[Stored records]

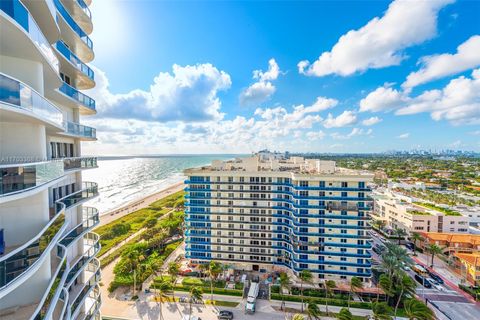 A home in Bal Harbour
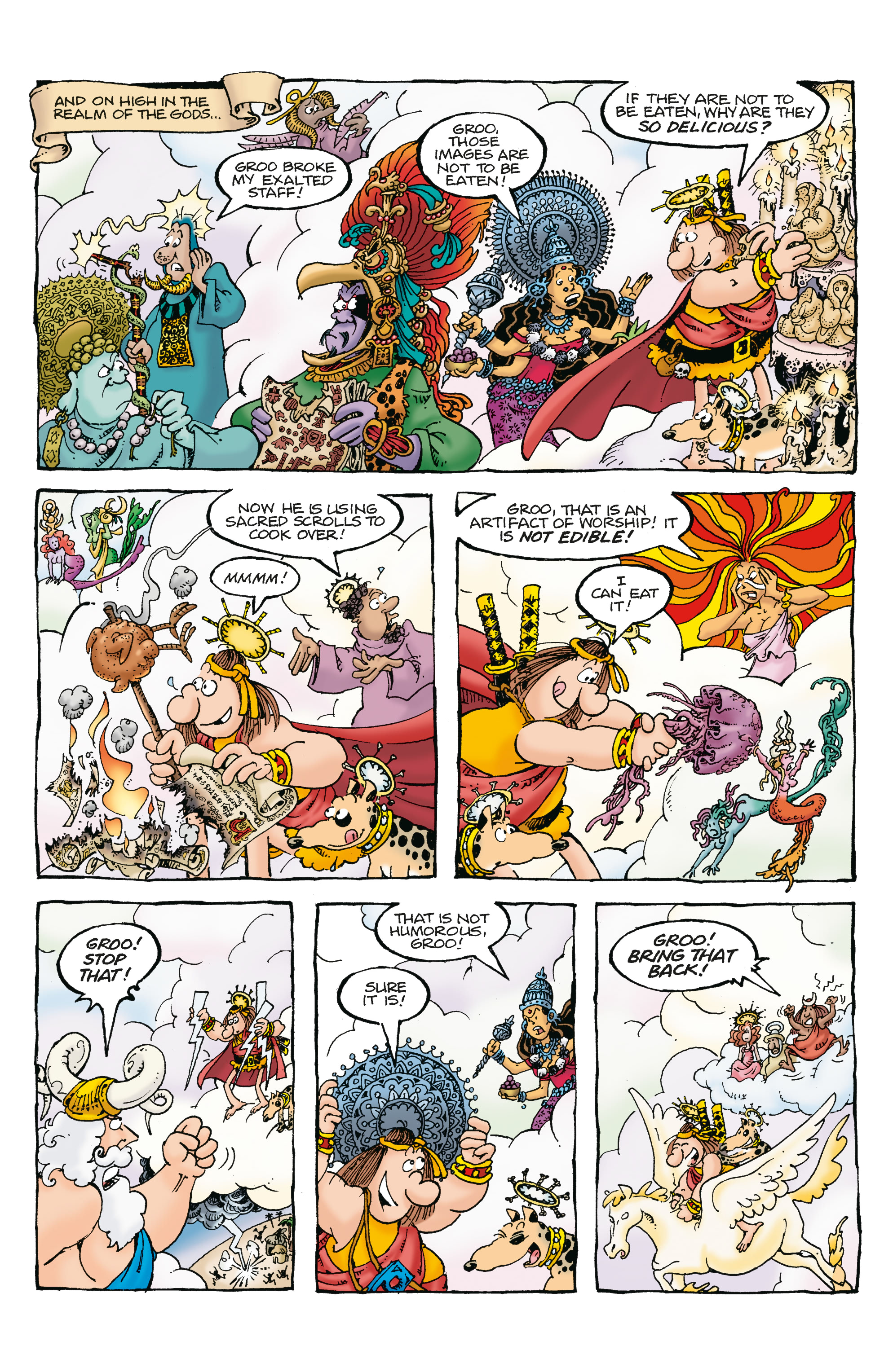 Read online Groo: Gods Against Groo comic -  Issue #1 - 24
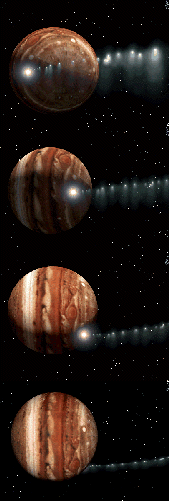 Jupiter Collision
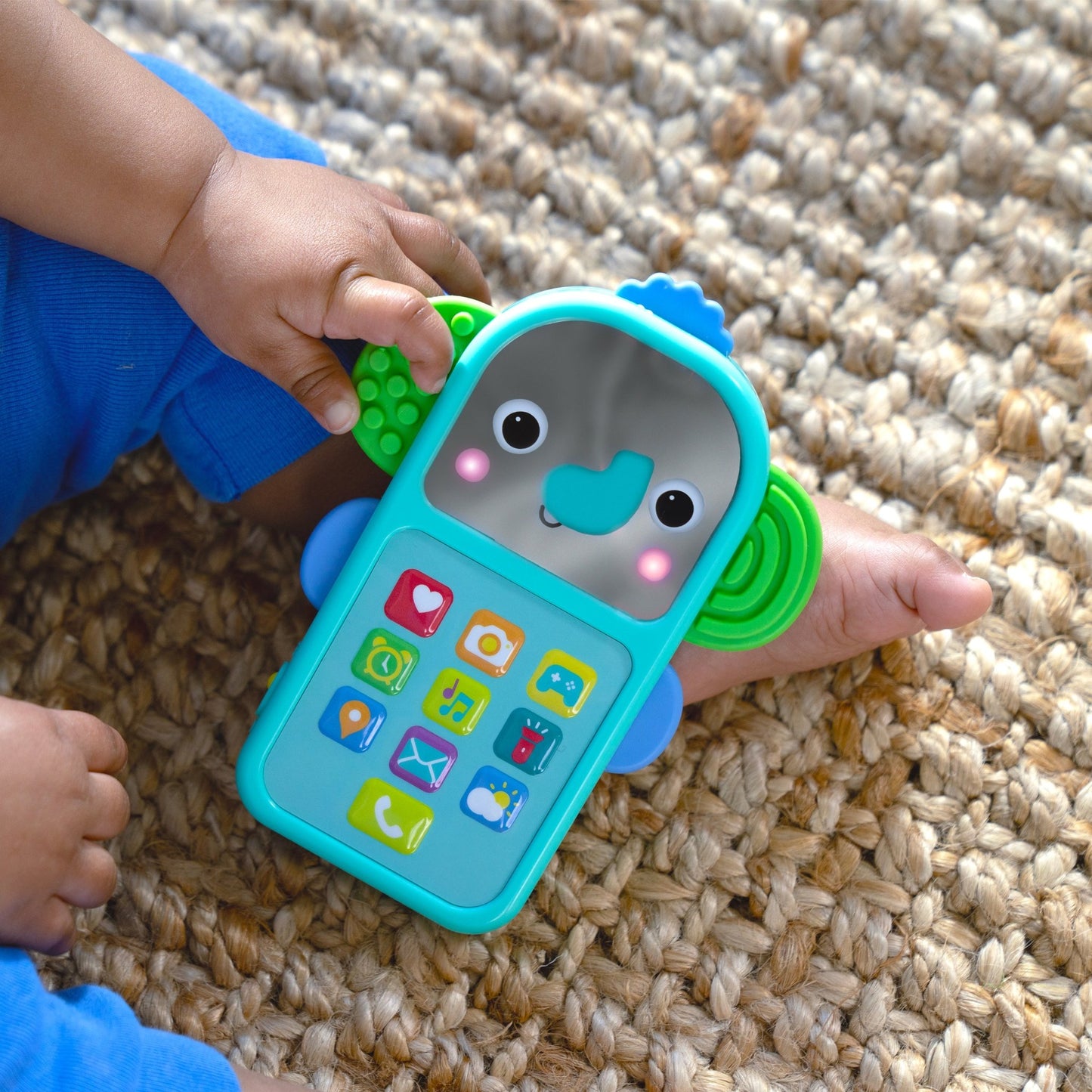 Bright Starts™ Elephone™ Telephone Toy - Premium for Kids in Qatar | Toysaro.com
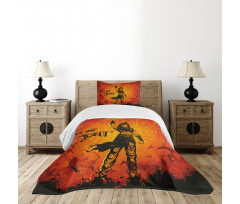 Myhtological Figure Bedspread Set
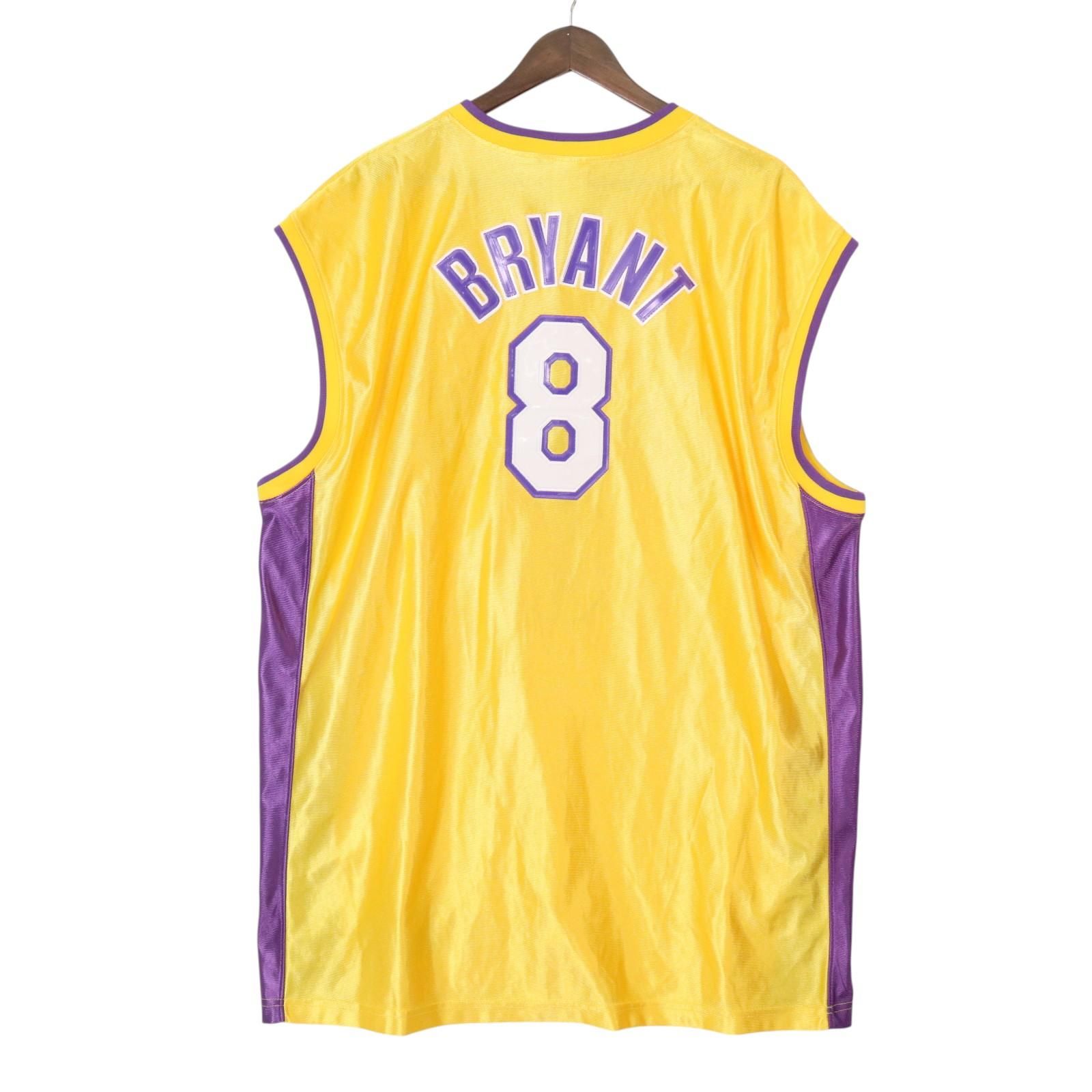 05M923◯ Champion レイカーズ ゲームシャツ コービーブライアント Champion/チャンピオン NBA LAKERS レイカーズ コービー
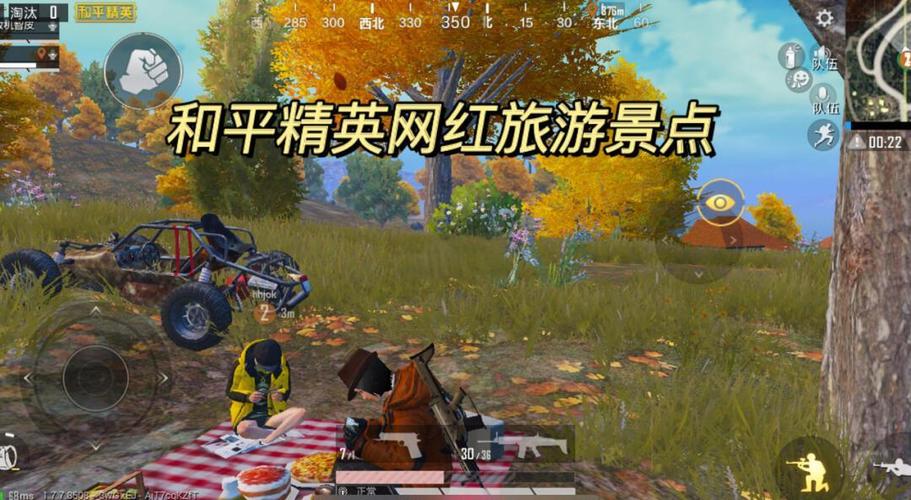 和平精英约会圣地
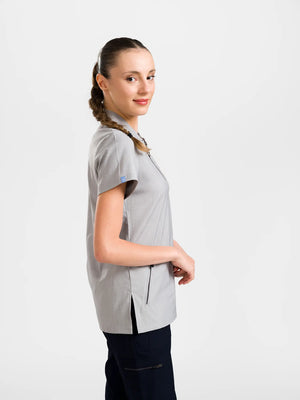 DuoStyle Jogger - Gümüş Gri (Tek Üst) - OksijenUniform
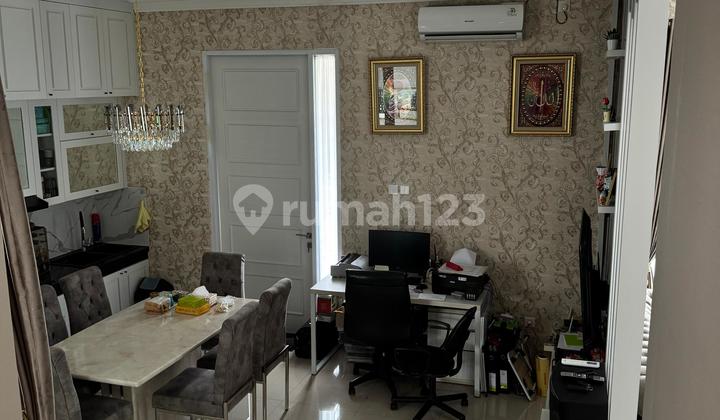 For Sale Fast Beautiful Corner House Semi Furnished In Citra Grand Cibubur 2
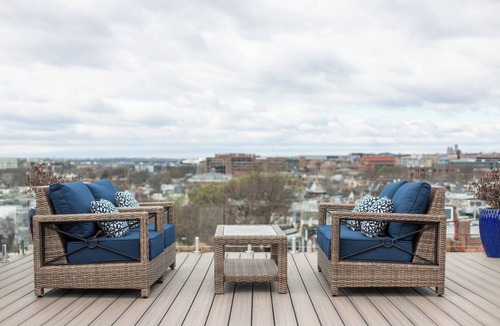 Bloomingdale House | Luxurious 3-BD on the Park With Monument Views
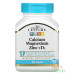 Calcium Magnesium Zinc + D3 21st Century, 90 药片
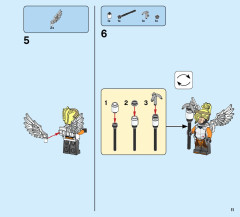 LEGO 75975 instructions page 11 – build guide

**EXERCISE REQUIREMENTS**
Only the lines from the one containing "05M923◯ Champion レイカーズ" through the end of the data above are to be output, exactly and without pictures.

**SOLUTION FOR THIS EXERCISE**
 05M923◯ Champion レイカーズ ゲームシャツ コービーブライアント Champion/チャンピオン NBA LAKERS レイカーズ コービー
 和平精英约会圣地
 DuoStyle Jogger - Gümüş Gri (Tek Üst) - OksijenUniform
 For Sale Fast Beautiful Corner House Semi Furnished In Citra Grand Cibubur 2
 Bloomingdale House | Luxurious 3-BD on the Park With Monument Views
 Calcium Magnesium Zinc + D3 21st Century, 90 药片
 LEGO 75975 instructions page 11 – build guide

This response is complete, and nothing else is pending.